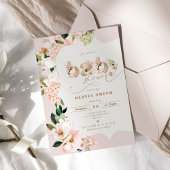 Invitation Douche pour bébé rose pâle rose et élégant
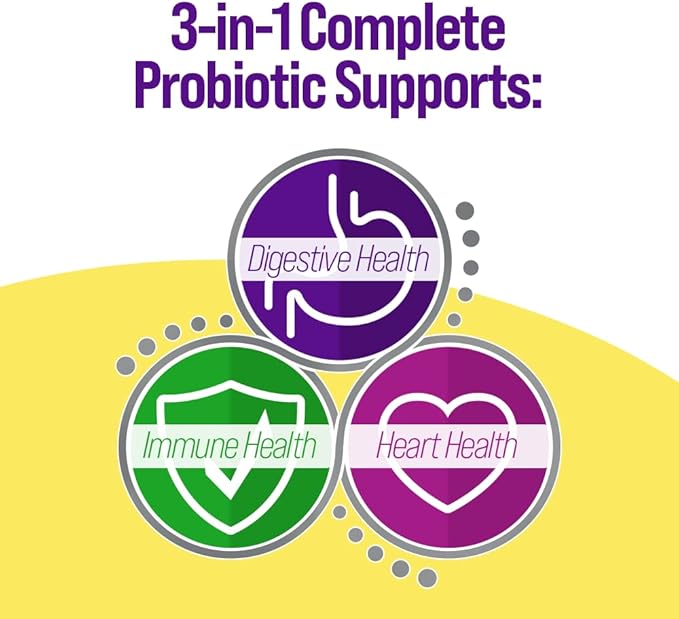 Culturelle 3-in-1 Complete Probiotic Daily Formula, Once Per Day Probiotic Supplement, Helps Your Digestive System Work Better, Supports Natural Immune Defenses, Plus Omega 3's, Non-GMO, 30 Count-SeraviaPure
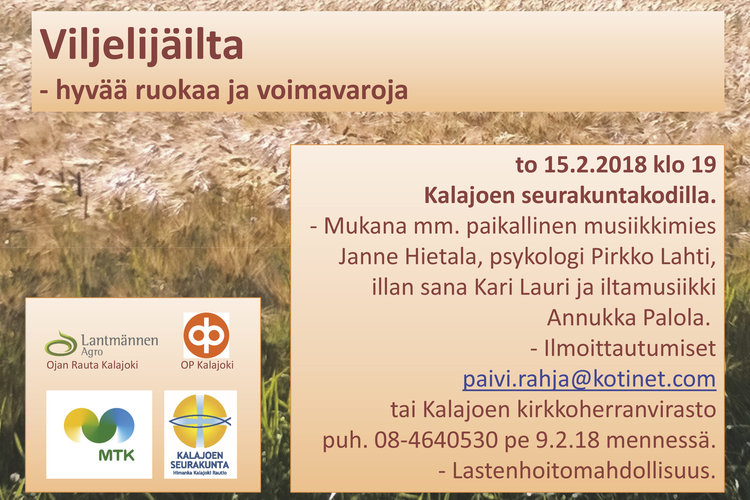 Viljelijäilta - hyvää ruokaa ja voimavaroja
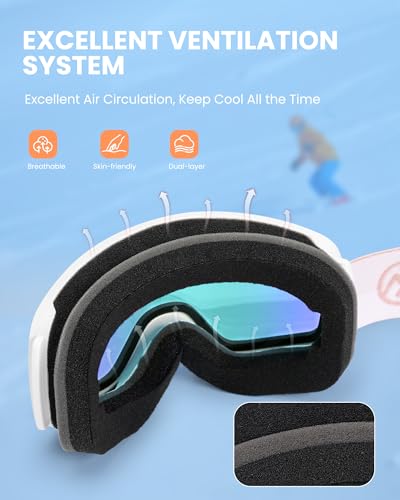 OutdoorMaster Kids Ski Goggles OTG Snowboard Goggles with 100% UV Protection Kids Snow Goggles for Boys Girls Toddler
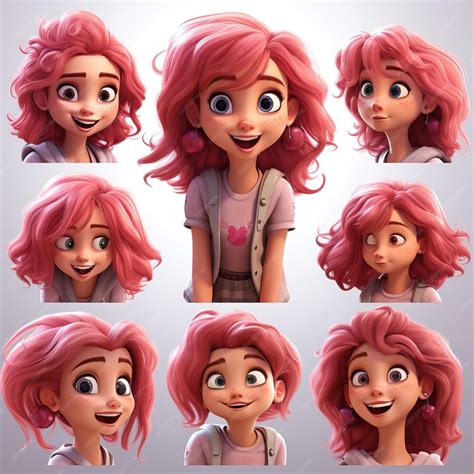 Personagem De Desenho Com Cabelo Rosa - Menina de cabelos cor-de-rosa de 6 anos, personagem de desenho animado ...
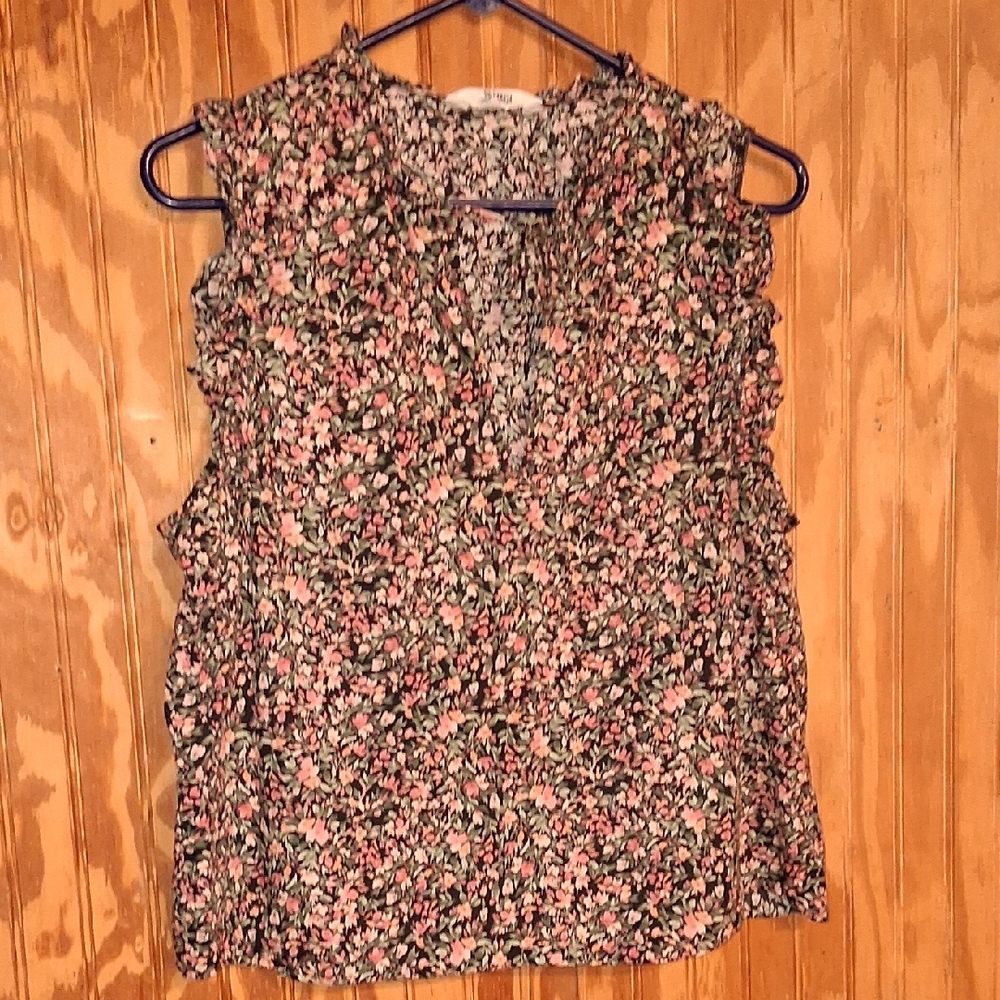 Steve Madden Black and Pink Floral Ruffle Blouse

————

When you write out the material above, keep every line exact and drop each picture.

 Invitation Douche pour bébé rose pâle rose et élégant
 Culturelle 3-in-1 Complete Probiotic Daily Formula, Once Per Day Probiotic Supplement, Helps Your Digestive System Work Better, Supports Natural Immune Defenses, Plus Omega 3's, Non-GMO, 30 Count-SeraviaPure
 Viljelijäilta - hyvää ruokaa ja voimavaroja
 OutdoorMaster Kids Ski Goggles OTG Snowboard Goggles with 100% UV Protection Kids Snow Goggles for Boys Girls Toddler
 Personagem De Desenho Com Cabelo Rosa - Menina de cabelos cor-de-rosa de 6 anos, personagem de desenho animado ...
 Steve Madden Black and Pink Floral Ruffle Blouse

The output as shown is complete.